From: Bjorn Andersson quic_bjorande@quicinc.com
Commit 'e3e56c050ab6 ("soc: qcom: rpmhpd: Make power_on actually enable the domain")' aimed to make sure that a power-domain that is being enabled without any particular performance-state requested will at least turn the rail on, to avoid filling DeviceTree with otherwise unnecessary required-opps properties.
But in the event that aggregation happens on a disabled power-domain, with an enabled peer without performance-state, both the local and peer corner are 0. The peer's enabled_corner is not considered, with the result that the underlying (shared) resource is disabled.

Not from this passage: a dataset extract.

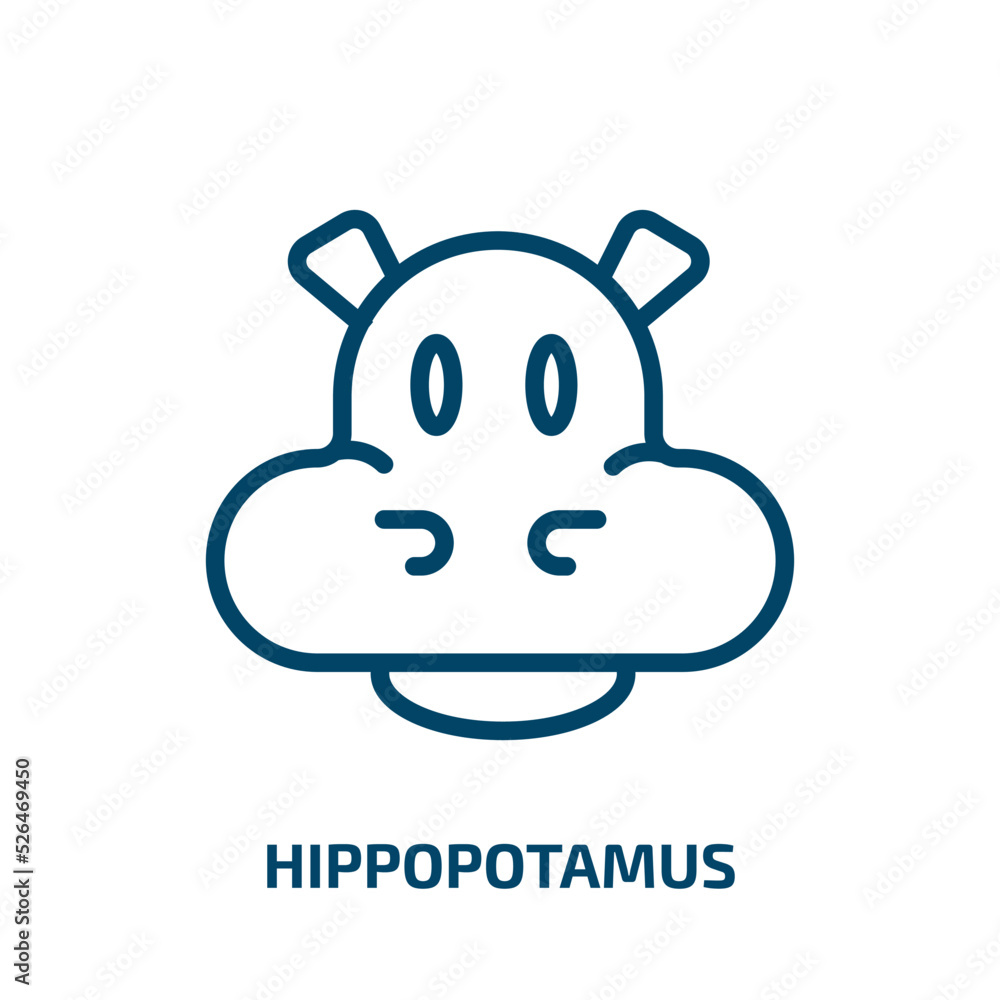 hippopotamus icon from animals collection. Thin linear hippopotamus, zoo, wild outline icon isolated on white background. Line vector hippopotamus sign, symbol for web and mobile hippopotamus icon from animals collection. Thin linear hippopotamus, zoo, wild outline icon isolated on white background. Line vector hippopotamus sign, symbol for web and mobile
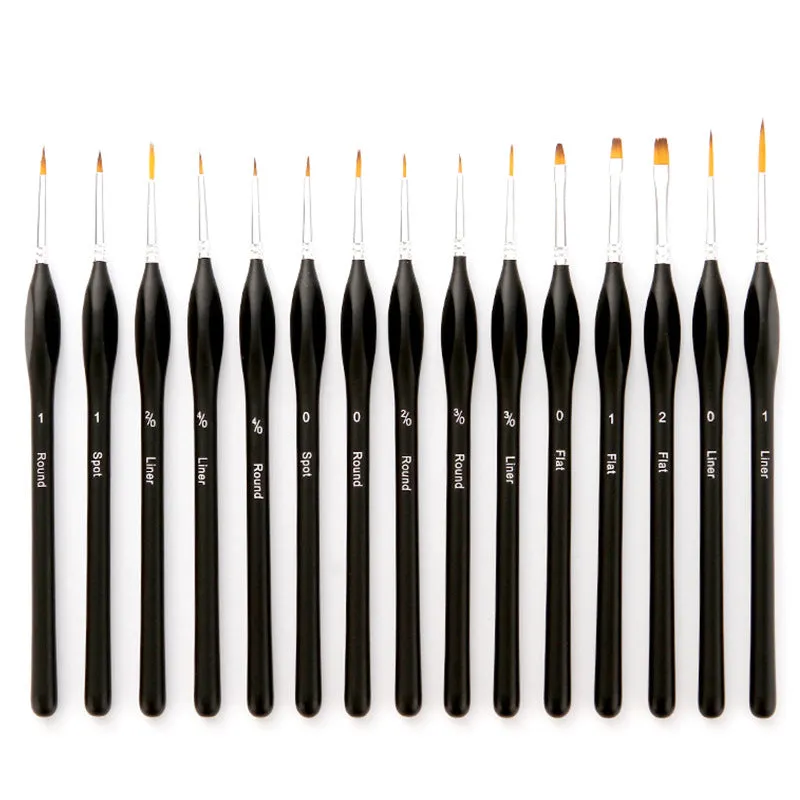 15 Black Triangle Pole Nylon Wool Watercolor Brush Pen Oil Painting Brush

One case where this can be observed is when the display stack keeps mmcx enabled (but without a particular performance-state vote) in order to access registers and sync_state happens in the rpmhpd driver. As mmcx_ao is flushed the state of the peer (mmcx) is not considered and mmcx_ao ends up turning off "mmcx.lvl" underneath mmcx. This has been observed several times, but has been painted over in DeviceTree by adding an explicit vote for the lowest non-disabled performance-state.
Fixes: e3e56c050ab6 ("soc: qcom: rpmhpd: Make power_on actually enable the domain") Reported-by: Johan Hovold johan@kernel.org Closes: https://lore.kernel.org/linux-arm-msm/ZdMwZa98L23mu3u6@hovoldconsulting.com/ Cc: stable@vger.kernel.org Signed-off-by: Bjorn Andersson quic_bjorande@quicinc.com --- This issue is the root cause of a display regression on SC8280XP boards, resulting in the system often resetting during boot. It was exposed by the refactoring of the DisplayPort driver in v6.8-rc1. --- drivers/pmdomain/qcom/rpmhpd.c | 7 +++++-- 1 file changed, 5 insertions(+), 2 deletions(-)

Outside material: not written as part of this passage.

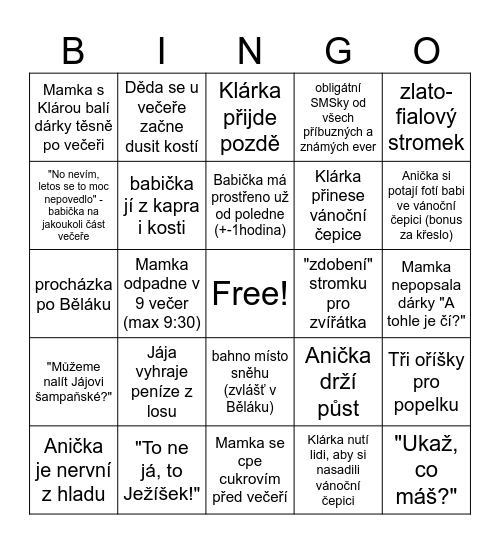 Vánoční bingo Card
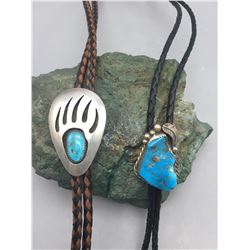 Two Vintage Bolos with Turquoise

diff --git a/drivers/pmdomain/qcom/rpmhpd.c b/drivers/pmdomain/qcom/rpmhpd.c index 3078896b1300..47df910645f6 100644 --- a/drivers/pmdomain/qcom/rpmhpd.c +++ b/drivers/pmdomain/qcom/rpmhpd.c @@ -692,6 +692,7 @@ static int rpmhpd_aggregate_corner(struct rpmhpd *pd, unsigned int corner) unsigned int active_corner, sleep_corner; unsigned int this_active_corner = 0, this_sleep_corner = 0; unsigned int peer_active_corner = 0, peer_sleep_corner = 0; + unsigned int peer_enabled_corner;
if (pd->state_synced) { to_active_sleep(pd, corner, &this_active_corner, &this_sleep_corner); @@ -701,9 +702,11 @@ static int rpmhpd_aggregate_corner(struct rpmhpd *pd, unsigned int corner) this_sleep_corner = pd->level_count - 1; }
- if (peer && peer->enabled) - to_active_sleep(peer, peer->corner, &peer_active_corner, + if (peer && peer->enabled) { + peer_enabled_corner = max(peer->corner, peer->enable_corner); + to_active_sleep(peer, peer_enabled_corner, &peer_active_corner, &peer_sleep_corner); + }
active_corner = max(this_active_corner, peer_active_corner);
--- base-commit: b401b621758e46812da61fa58a67c3fd8d91de0d change-id: 20240226-rpmhpd-enable-corner-fix-c5e07fe7b986
Best regards,
On 2/27/24 02:49, Bjorn Andersson via B4 Relay wrote:
From: Bjorn Andersson quic_bjorande@quicinc.com
Commit 'e3e56c050ab6 ("soc: qcom: rpmhpd: Make power_on actually enable the domain")' aimed to make sure that a power-domain that is being enabled without any particular performance-state requested will at least turn the rail on, to avoid filling DeviceTree with otherwise unnecessary required-opps properties.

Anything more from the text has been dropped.